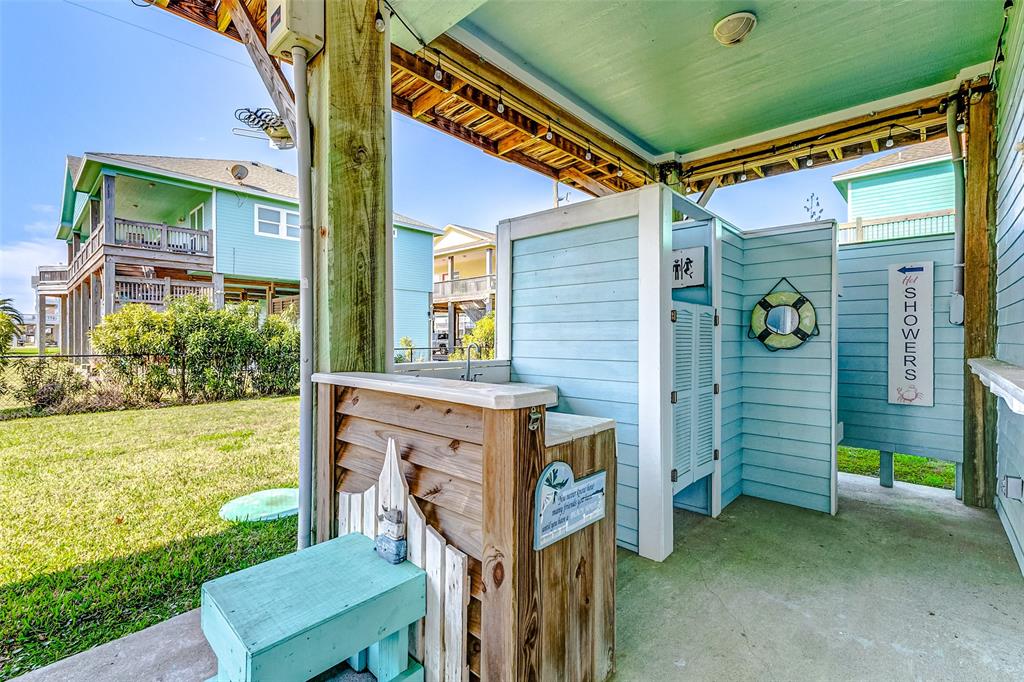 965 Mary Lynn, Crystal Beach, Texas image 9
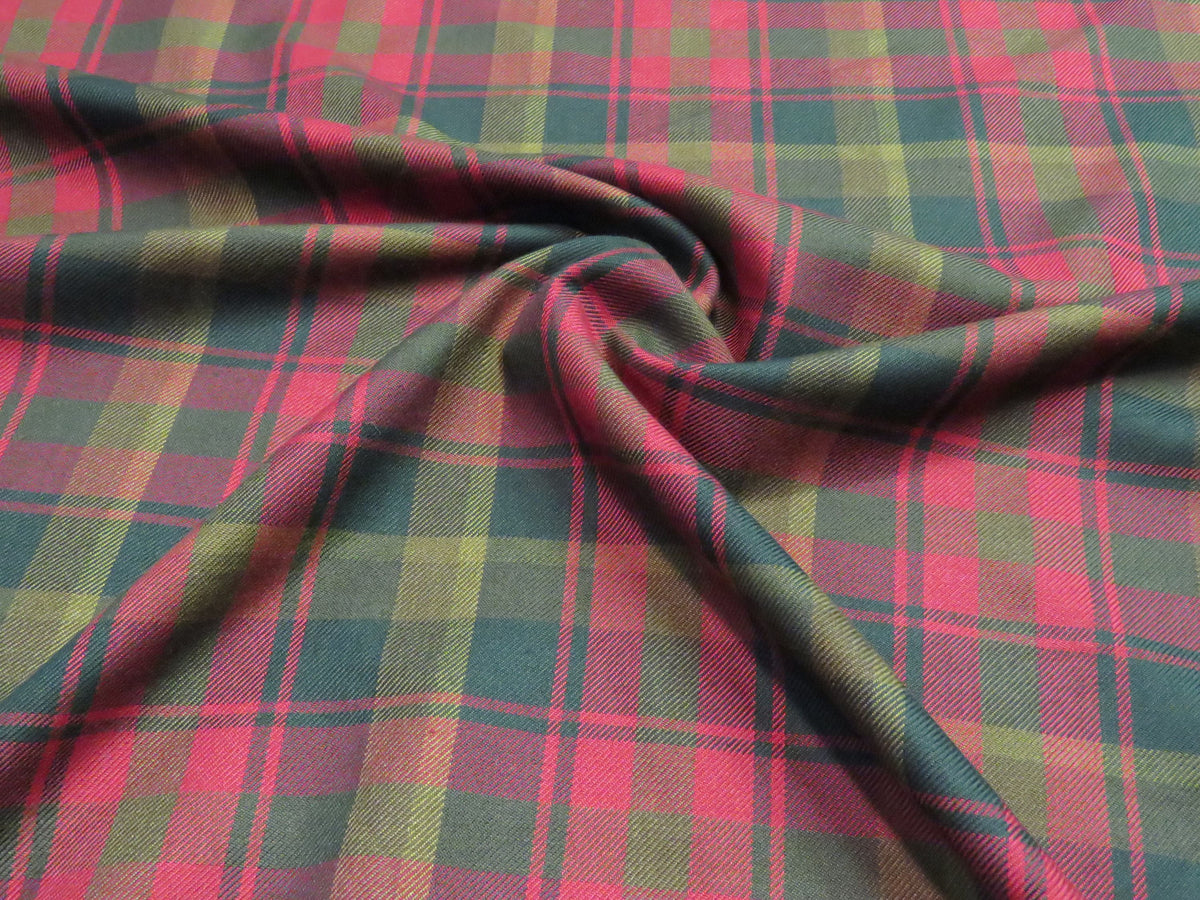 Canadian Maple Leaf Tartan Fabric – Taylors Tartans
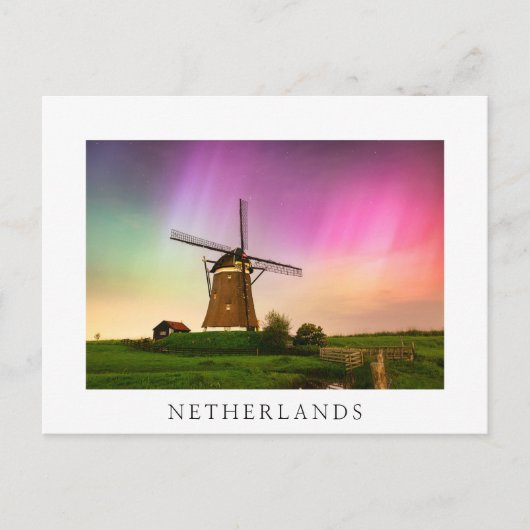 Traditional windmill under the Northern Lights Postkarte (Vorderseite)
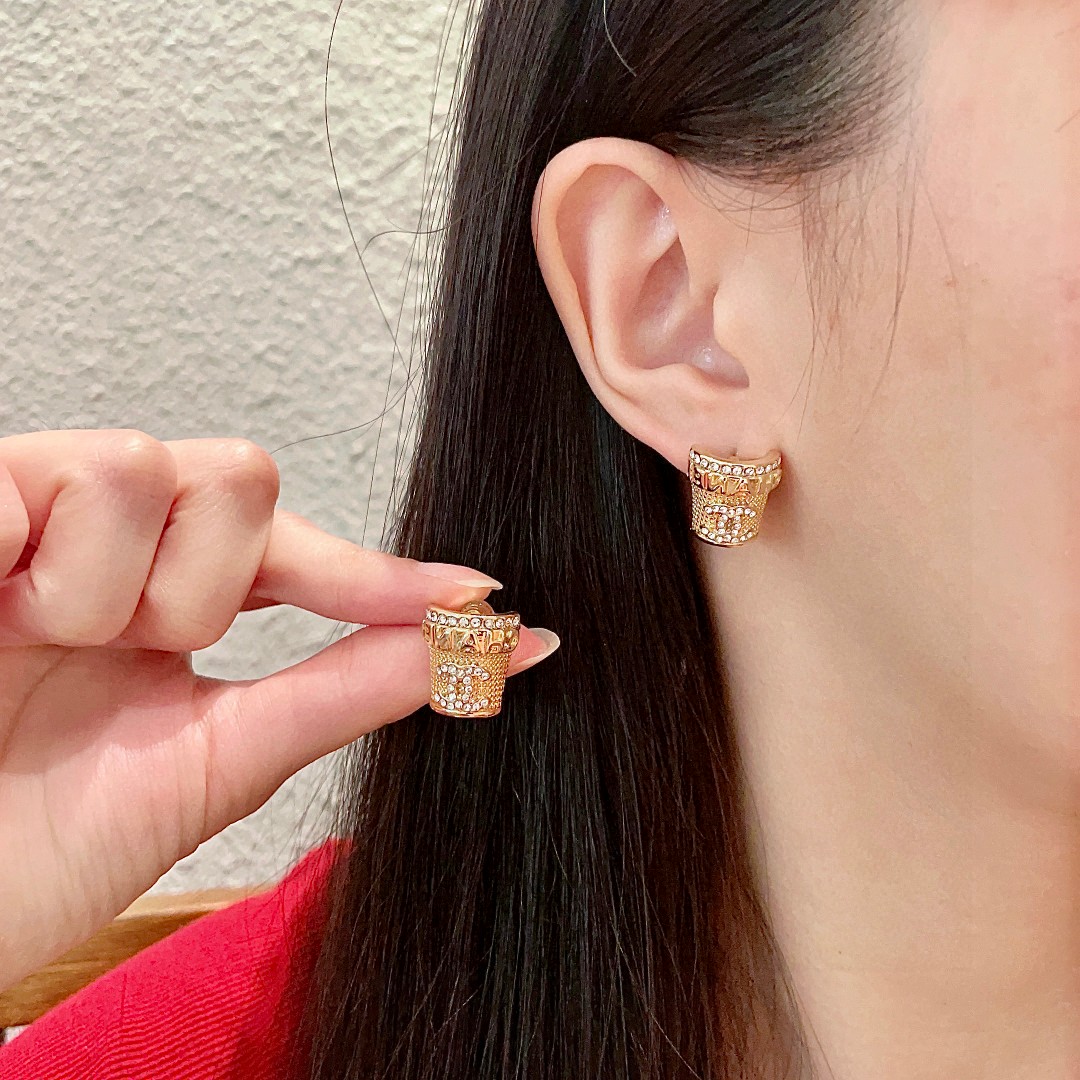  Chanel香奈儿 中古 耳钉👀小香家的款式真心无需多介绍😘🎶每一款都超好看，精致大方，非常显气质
_ _ _ _ _ _ _
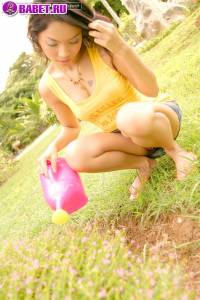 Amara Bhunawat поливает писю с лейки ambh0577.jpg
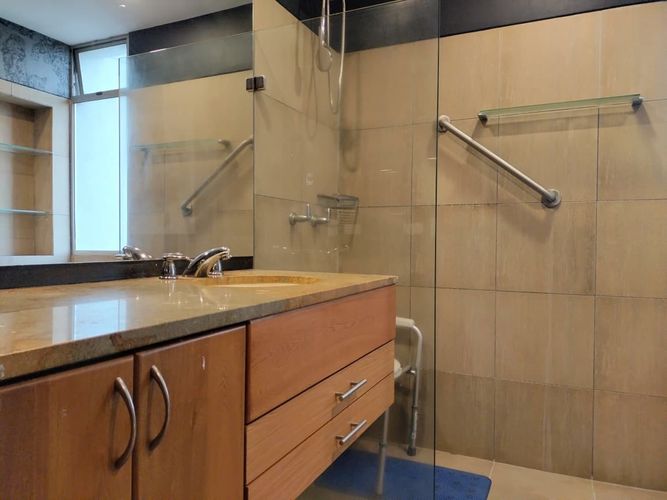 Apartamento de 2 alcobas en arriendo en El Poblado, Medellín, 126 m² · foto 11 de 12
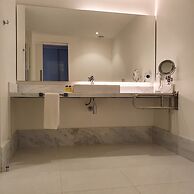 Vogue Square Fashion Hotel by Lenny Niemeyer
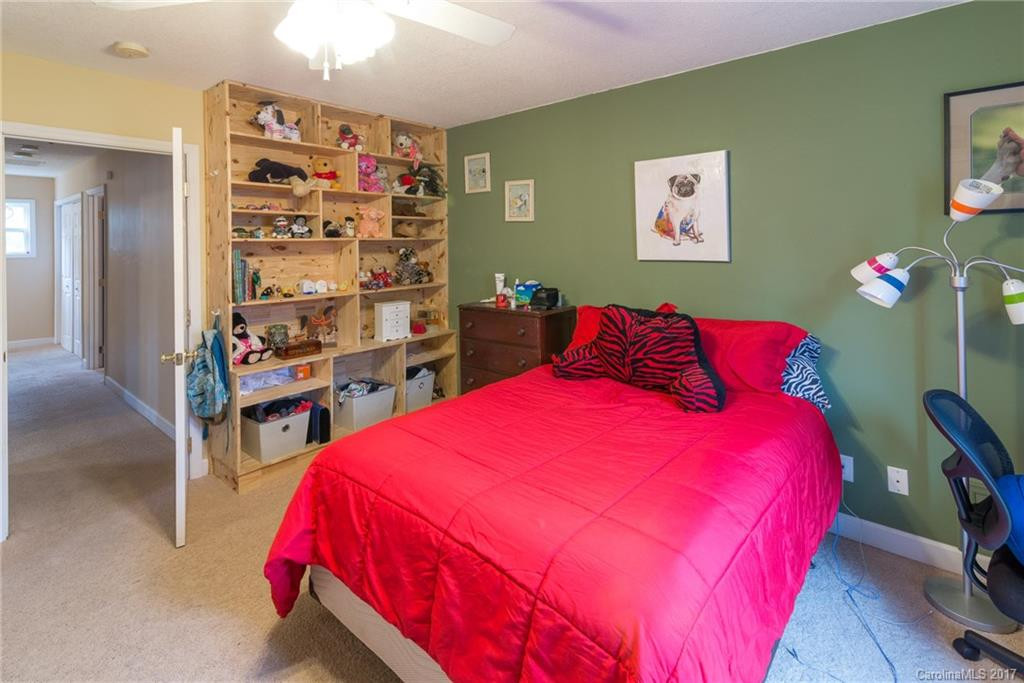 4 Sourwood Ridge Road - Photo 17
_ _ _ _ _ _ _
Keep to the stretch from the line containing "Apartamento de 2" through the line containing "4 Sourwood Ridge Road - Photo 17", both ends included, and copy it exactly from the listing above, minus the pictures.

 Apartamento de 2 alcobas en arriendo en El Poblado, Medellín, 126 m² · foto 11 de 12
 Vogue Square Fashion Hotel by Lenny Niemeyer
 4 Sourwood Ridge Road - Photo 17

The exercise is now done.